Items from a data source
******************************

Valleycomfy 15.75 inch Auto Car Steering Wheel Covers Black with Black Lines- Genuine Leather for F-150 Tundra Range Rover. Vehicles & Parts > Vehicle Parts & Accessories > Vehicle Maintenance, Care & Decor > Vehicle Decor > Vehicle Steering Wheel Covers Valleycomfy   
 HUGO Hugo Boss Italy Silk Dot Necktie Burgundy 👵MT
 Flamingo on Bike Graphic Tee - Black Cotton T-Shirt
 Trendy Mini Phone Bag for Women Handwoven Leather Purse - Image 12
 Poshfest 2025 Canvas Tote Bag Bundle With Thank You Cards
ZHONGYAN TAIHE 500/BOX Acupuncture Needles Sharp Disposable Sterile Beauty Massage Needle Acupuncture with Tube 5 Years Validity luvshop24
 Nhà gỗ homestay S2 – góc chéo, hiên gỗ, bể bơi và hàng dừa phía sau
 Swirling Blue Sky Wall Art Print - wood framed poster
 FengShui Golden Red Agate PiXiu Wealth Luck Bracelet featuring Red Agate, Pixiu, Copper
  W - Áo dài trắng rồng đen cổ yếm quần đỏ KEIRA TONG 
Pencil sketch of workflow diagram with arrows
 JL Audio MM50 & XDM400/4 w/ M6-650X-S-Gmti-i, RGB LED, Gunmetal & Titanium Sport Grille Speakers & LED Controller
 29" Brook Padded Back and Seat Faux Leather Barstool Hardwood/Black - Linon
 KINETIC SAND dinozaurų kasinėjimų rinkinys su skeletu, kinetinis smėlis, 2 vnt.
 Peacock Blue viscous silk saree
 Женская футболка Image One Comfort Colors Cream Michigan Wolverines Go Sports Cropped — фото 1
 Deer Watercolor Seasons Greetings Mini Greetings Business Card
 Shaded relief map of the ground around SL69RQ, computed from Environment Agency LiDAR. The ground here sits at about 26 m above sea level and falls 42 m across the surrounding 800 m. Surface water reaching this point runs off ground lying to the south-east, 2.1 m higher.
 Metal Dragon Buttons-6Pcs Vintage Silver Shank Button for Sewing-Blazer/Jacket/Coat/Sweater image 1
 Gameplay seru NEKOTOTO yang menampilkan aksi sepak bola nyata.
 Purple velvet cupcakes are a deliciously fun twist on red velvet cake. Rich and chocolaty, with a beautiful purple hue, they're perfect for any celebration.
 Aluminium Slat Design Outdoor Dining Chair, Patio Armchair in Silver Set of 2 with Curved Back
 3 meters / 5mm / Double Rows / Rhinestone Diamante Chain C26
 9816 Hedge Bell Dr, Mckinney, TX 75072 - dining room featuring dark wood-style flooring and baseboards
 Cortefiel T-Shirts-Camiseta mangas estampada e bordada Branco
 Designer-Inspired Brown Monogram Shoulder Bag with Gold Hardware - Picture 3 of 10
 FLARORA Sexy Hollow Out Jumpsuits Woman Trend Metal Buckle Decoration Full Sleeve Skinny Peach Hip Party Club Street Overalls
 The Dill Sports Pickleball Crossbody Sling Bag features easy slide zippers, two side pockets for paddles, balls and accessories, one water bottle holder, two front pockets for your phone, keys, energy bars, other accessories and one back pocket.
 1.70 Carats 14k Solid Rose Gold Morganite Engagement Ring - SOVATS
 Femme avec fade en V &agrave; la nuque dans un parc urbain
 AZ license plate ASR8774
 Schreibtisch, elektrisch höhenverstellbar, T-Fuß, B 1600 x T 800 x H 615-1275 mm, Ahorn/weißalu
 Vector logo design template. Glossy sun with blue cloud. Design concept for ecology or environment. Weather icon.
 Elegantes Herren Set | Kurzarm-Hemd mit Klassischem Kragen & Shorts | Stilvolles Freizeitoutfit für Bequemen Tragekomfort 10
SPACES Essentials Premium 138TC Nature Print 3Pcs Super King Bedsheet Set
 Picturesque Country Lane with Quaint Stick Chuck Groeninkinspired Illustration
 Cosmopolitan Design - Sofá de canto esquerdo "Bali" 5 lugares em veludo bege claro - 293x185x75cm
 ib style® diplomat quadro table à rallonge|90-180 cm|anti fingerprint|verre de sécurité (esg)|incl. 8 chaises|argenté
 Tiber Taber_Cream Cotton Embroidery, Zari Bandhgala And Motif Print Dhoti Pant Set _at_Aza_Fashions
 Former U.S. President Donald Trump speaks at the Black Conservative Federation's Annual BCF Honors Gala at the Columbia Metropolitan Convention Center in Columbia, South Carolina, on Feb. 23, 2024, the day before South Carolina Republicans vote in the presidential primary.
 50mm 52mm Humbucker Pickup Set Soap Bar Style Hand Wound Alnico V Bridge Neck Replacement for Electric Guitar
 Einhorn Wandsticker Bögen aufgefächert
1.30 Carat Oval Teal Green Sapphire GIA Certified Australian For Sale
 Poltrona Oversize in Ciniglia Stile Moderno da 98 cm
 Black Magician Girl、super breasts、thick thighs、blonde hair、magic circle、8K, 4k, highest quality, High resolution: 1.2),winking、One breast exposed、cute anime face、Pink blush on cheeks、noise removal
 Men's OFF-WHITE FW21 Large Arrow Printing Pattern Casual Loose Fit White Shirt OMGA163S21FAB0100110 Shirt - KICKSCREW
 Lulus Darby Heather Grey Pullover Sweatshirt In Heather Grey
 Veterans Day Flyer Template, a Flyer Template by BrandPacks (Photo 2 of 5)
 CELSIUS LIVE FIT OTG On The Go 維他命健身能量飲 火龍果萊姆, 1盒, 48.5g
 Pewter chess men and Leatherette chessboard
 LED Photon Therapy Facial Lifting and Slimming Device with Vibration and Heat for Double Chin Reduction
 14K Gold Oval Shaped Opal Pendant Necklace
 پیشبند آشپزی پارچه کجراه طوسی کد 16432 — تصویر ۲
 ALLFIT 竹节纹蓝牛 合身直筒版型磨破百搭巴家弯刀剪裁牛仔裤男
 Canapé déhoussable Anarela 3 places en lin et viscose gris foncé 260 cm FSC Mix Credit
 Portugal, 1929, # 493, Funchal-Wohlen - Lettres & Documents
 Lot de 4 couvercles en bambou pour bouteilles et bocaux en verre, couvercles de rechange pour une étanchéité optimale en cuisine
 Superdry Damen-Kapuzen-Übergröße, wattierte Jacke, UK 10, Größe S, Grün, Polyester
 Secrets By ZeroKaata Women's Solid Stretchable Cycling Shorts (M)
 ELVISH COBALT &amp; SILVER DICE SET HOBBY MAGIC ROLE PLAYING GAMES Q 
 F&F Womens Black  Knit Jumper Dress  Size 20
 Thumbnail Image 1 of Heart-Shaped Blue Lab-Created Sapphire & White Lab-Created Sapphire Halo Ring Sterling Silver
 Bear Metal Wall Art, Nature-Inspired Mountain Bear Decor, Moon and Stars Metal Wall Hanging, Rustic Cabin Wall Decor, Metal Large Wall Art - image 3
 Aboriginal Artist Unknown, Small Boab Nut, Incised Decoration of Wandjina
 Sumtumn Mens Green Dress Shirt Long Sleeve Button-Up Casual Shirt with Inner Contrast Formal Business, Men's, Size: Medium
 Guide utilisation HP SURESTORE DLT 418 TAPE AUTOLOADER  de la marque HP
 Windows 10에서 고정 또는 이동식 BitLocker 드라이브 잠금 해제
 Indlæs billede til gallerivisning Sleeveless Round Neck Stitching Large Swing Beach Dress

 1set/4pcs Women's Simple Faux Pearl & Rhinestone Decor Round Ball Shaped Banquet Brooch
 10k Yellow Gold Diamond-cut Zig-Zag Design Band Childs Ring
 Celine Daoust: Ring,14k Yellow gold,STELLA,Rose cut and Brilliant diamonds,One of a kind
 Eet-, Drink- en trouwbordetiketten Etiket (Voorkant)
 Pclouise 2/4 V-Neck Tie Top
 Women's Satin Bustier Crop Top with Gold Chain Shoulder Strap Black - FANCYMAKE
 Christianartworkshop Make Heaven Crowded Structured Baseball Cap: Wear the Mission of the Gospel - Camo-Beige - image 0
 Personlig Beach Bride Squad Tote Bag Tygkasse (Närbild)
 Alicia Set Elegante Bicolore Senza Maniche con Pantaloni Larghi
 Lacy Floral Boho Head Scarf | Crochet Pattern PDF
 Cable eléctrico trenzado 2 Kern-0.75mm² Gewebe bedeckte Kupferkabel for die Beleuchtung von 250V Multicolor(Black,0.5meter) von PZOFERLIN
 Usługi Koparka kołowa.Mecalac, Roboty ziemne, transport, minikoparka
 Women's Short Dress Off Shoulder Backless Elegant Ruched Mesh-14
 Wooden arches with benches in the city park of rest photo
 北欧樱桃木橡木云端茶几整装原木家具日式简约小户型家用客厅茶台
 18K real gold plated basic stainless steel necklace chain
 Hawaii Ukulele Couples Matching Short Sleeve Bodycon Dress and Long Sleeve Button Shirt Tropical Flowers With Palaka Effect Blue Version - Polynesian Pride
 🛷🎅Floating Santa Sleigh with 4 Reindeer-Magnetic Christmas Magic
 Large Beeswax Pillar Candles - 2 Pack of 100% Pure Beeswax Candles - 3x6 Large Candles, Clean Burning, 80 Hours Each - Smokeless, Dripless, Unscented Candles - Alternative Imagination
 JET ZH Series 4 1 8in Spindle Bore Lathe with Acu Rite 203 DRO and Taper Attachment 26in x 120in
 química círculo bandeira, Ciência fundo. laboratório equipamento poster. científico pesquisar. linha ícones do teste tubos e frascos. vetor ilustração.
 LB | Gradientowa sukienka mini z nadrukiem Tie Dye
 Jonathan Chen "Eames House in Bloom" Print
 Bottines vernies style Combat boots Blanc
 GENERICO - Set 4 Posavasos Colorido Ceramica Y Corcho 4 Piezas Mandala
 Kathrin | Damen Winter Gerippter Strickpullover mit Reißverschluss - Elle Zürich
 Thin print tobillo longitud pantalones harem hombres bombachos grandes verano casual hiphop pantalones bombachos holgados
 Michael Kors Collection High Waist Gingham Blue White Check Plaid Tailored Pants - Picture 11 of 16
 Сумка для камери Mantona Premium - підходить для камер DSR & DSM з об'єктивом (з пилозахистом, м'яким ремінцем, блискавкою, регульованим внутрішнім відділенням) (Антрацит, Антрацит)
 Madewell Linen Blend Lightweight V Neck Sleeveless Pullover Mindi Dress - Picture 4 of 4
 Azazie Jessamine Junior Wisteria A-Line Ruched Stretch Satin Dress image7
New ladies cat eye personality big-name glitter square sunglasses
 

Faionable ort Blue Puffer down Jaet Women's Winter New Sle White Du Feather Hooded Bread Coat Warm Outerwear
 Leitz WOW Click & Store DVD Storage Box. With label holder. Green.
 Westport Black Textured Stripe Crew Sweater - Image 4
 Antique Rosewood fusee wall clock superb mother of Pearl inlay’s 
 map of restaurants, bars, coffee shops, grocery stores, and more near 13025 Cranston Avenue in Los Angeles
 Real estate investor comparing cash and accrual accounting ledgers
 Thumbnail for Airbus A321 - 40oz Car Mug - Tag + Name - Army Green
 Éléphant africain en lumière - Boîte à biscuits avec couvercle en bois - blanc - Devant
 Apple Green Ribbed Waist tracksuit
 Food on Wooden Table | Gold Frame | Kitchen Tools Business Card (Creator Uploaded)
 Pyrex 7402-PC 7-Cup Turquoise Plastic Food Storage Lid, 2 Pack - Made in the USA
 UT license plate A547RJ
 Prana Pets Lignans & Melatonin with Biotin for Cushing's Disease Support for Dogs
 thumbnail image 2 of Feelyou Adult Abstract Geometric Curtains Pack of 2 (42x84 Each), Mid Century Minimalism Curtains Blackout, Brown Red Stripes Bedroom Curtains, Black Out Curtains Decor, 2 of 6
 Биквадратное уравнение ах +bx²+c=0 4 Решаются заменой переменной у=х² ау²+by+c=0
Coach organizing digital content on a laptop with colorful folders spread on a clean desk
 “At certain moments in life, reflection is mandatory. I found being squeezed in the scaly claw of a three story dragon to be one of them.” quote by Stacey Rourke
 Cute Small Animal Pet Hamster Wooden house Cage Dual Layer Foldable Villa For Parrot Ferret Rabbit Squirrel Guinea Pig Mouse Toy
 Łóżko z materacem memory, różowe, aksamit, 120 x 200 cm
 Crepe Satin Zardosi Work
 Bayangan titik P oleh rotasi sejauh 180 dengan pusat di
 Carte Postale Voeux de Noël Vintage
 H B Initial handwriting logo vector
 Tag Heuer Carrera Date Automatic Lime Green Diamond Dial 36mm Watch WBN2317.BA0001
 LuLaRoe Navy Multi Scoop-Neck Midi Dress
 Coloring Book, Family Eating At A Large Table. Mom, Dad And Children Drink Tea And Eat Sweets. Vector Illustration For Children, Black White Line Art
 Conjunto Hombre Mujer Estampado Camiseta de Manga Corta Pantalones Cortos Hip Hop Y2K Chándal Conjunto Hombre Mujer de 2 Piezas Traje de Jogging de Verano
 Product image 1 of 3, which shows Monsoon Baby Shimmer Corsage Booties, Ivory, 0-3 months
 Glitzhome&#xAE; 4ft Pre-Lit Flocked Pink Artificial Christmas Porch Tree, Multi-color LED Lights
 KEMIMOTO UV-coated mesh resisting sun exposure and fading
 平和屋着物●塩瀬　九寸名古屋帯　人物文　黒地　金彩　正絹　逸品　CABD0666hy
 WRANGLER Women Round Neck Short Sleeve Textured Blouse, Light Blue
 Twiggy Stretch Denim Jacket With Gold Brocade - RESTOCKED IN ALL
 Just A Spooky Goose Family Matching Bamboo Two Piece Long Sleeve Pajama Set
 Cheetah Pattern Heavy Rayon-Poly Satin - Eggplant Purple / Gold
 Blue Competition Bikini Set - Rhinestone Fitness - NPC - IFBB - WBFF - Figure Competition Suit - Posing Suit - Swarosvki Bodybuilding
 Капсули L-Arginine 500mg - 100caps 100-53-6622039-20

******************************

> **WHAT YOU NEED TO DO**
Copy out each line of the data above, exactly, if it lies between the line holding "H B Initial handwriting logo vector" and the line holding "Blue Competition Bikini", inclusive; copy no other line.

> **TASK RESULT**
 H B Initial handwriting logo vector
 Tag Heuer Carrera Date Automatic Lime Green Diamond Dial 36mm Watch WBN2317.BA0001
 LuLaRoe Navy Multi Scoop-Neck Midi Dress
 Coloring Book, Family Eating At A Large Table. Mom, Dad And Children Drink Tea And Eat Sweets. Vector Illustration For Children, Black White Line Art
 Conjunto Hombre Mujer Estampado Camiseta de Manga Corta Pantalones Cortos Hip Hop Y2K Chándal Conjunto Hombre Mujer de 2 Piezas Traje de Jogging de Verano
 Product image 1 of 3, which shows Monsoon Baby Shimmer Corsage Booties, Ivory, 0-3 months
 Glitzhome&#xAE; 4ft Pre-Lit Flocked Pink Artificial Christmas Porch Tree, Multi-color LED Lights
 KEMIMOTO UV-coated mesh resisting sun exposure and fading
 平和屋着物●塩瀬　九寸名古屋帯　人物文　黒地　金彩　正絹　逸品　CABD0666hy
 WRANGLER Women Round Neck Short Sleeve Textured Blouse, Light Blue
 Twiggy Stretch Denim Jacket With Gold Brocade - RESTOCKED IN ALL
 Just A Spooky Goose Family Matching Bamboo Two Piece Long Sleeve Pajama Set
 Cheetah Pattern Heavy Rayon-Poly Satin - Eggplant Purple / Gold
 Blue Competition Bikini Set - Rhinestone Fitness - NPC - IFBB - WBFF - Figure Competition Suit - Posing Suit - Swarosvki Bodybuilding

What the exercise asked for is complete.